_What needs to be done_
Where the word "Hill" occurs in a line of the listing, please copy the line.

_Supplied information_

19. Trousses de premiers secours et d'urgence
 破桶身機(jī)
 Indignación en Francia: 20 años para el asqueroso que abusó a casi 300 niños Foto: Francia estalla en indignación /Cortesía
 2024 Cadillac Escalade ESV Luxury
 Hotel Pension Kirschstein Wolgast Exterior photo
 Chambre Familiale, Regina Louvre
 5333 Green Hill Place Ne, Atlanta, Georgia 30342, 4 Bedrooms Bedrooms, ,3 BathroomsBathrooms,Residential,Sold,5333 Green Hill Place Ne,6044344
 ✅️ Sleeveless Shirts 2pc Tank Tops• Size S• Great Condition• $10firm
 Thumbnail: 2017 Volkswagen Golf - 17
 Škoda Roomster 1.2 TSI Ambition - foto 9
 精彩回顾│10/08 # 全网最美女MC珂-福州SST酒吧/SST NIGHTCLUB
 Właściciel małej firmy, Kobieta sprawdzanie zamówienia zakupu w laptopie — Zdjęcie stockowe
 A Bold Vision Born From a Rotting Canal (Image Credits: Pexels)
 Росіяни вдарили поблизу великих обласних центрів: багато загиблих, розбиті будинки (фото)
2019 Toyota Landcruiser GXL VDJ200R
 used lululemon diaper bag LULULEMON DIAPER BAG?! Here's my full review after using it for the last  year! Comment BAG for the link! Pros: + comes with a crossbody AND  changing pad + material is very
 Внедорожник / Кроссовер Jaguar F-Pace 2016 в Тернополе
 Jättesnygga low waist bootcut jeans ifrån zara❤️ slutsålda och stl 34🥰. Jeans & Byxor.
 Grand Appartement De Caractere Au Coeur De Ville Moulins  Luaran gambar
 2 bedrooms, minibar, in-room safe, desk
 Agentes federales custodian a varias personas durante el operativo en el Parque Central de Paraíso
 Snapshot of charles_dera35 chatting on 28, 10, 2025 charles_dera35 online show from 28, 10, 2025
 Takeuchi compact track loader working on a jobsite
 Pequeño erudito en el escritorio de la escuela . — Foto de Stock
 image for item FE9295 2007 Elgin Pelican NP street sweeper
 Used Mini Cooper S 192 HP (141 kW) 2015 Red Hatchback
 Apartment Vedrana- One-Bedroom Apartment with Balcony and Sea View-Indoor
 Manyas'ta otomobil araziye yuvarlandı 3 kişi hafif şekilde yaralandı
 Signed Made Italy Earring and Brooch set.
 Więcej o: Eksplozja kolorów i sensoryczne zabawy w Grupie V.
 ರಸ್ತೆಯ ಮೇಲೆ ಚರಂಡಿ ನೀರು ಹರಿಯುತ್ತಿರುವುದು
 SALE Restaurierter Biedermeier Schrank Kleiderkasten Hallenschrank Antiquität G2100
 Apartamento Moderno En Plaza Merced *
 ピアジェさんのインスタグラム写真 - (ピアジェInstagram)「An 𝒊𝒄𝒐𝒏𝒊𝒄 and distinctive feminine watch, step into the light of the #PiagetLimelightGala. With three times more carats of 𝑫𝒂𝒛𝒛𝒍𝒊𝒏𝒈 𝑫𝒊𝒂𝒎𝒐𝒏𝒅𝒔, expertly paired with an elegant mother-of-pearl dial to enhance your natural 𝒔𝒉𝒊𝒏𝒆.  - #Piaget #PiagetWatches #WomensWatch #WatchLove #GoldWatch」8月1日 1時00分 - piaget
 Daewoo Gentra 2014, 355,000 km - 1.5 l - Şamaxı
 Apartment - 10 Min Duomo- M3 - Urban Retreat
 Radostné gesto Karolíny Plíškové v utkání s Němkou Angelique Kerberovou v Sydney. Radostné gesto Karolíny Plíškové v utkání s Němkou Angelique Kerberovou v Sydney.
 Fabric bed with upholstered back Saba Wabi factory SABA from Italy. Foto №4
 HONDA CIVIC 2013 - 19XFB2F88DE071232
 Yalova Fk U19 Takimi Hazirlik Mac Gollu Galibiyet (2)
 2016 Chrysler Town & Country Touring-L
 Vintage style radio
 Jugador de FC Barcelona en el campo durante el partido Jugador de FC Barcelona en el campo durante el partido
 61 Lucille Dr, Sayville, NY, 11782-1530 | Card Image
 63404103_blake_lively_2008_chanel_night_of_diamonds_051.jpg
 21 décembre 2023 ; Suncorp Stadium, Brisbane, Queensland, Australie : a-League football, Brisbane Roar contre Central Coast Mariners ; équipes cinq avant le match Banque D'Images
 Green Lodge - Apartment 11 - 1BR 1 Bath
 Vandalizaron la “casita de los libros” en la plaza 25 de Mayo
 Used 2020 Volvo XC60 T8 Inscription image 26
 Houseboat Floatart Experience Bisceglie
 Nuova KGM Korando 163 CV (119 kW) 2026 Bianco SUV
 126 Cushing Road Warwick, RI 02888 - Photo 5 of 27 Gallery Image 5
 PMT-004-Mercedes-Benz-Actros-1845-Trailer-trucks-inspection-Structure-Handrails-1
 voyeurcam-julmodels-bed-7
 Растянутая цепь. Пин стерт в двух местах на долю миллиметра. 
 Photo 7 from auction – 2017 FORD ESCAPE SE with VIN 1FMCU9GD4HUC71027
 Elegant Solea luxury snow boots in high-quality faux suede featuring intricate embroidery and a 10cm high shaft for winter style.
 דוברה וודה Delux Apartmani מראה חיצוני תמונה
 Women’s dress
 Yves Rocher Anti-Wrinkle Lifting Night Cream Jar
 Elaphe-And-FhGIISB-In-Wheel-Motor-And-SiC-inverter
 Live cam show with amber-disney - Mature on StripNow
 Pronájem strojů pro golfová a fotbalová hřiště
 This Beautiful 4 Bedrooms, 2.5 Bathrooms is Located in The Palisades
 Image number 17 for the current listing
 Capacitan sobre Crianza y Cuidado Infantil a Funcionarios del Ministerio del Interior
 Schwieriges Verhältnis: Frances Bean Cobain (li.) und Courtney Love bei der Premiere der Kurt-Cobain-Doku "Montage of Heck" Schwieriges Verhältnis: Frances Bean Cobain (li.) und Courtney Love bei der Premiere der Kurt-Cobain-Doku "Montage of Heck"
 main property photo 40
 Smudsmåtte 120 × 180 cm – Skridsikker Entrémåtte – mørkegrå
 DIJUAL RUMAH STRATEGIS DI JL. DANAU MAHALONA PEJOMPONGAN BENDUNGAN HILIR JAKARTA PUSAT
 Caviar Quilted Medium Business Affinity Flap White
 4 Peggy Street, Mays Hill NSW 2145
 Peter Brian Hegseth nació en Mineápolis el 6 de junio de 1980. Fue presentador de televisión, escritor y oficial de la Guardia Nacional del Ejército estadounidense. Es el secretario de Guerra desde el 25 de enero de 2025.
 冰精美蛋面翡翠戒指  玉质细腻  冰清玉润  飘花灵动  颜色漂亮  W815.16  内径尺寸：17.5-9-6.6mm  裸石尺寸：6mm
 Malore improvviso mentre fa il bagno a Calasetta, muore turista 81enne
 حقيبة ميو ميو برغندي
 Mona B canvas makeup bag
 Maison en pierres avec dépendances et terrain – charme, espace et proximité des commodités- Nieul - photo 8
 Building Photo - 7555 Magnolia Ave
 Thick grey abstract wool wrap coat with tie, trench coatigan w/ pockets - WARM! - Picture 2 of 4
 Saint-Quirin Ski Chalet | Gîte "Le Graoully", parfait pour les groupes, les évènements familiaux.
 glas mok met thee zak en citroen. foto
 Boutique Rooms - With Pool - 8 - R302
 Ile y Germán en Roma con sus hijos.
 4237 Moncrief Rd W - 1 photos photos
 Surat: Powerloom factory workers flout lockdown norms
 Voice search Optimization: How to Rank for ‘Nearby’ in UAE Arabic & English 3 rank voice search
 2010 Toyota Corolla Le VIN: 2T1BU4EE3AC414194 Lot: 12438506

_Answer to the exercise_
 5333 Green Hill Place Ne, Atlanta, Georgia 30342, 4 Bedrooms Bedrooms, ,3 BathroomsBathrooms,Residential,Sold,5333 Green Hill Place Ne,6044344
 4 Peggy Street, Mays Hill NSW 2145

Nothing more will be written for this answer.